EXERCISE DETAILS: Copy the entries exactly, through the "Sleek Mercedes Benz" line.

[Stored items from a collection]
========================================

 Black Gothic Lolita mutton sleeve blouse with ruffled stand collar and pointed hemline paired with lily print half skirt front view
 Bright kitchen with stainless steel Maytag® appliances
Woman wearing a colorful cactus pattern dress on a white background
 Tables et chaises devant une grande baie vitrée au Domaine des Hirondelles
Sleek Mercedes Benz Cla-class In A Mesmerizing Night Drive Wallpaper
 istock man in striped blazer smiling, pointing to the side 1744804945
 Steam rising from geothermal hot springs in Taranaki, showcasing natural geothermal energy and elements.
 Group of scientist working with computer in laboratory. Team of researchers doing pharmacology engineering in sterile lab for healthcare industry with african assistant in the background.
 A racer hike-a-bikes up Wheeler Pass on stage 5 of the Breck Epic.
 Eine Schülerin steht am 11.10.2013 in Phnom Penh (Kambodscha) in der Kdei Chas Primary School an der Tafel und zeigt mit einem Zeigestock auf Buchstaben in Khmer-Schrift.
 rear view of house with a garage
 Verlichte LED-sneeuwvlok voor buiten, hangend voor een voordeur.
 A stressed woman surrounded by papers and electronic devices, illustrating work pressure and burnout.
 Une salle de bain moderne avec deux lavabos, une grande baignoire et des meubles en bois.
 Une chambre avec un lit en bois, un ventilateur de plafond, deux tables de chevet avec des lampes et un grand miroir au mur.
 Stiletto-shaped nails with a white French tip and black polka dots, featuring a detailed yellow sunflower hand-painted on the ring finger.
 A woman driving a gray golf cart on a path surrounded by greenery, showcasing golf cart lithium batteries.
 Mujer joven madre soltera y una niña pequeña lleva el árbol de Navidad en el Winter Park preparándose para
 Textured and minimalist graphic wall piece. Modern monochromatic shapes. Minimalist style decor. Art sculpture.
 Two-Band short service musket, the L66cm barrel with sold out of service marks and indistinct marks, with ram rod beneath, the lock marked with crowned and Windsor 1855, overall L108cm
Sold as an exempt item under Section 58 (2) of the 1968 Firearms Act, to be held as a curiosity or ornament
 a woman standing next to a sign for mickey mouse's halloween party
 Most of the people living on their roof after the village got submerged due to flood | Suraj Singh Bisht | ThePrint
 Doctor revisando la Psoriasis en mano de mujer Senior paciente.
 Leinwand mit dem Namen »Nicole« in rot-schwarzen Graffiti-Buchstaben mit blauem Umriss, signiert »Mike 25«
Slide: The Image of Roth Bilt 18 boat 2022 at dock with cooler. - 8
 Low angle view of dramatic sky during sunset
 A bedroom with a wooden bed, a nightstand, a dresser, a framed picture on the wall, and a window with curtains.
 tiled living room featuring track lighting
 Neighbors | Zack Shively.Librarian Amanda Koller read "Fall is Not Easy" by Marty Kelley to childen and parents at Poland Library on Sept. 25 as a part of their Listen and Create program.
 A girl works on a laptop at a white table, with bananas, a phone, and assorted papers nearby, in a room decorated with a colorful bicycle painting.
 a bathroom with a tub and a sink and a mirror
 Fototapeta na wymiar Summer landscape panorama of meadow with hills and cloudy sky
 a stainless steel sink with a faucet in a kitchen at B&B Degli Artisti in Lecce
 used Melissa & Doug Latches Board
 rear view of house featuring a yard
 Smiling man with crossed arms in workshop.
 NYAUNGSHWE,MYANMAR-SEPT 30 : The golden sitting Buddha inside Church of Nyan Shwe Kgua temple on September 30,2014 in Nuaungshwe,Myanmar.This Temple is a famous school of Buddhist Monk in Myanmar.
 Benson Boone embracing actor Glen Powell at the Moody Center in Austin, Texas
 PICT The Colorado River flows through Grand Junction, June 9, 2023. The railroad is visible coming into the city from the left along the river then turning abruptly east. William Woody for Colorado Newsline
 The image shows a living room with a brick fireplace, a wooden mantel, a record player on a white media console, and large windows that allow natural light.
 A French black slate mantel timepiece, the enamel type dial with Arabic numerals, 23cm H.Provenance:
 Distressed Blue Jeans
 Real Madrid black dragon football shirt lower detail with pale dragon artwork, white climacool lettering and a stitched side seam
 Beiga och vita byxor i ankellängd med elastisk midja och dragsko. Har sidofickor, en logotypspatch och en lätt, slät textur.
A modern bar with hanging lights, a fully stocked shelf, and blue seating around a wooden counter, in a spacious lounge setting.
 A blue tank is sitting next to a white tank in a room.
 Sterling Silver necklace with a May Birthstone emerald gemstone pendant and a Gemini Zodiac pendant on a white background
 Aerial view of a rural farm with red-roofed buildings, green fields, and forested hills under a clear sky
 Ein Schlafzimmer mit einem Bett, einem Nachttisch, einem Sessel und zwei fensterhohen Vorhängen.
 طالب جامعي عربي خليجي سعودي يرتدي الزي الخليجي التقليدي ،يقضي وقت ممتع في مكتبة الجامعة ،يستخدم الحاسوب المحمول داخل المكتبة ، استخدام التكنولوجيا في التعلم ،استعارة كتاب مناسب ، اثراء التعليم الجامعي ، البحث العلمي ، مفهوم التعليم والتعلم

========================================

WRITTEN ANSWER:
 Black Gothic Lolita mutton sleeve blouse with ruffled stand collar and pointed hemline paired with lily print half skirt front view
 Bright kitchen with stainless steel Maytag® appliances
Woman wearing a colorful cactus pattern dress on a white background
 Tables et chaises devant une grande baie vitrée au Domaine des Hirondelles
Sleek Mercedes Benz Cla-class In A Mesmerizing Night Drive Wallpaper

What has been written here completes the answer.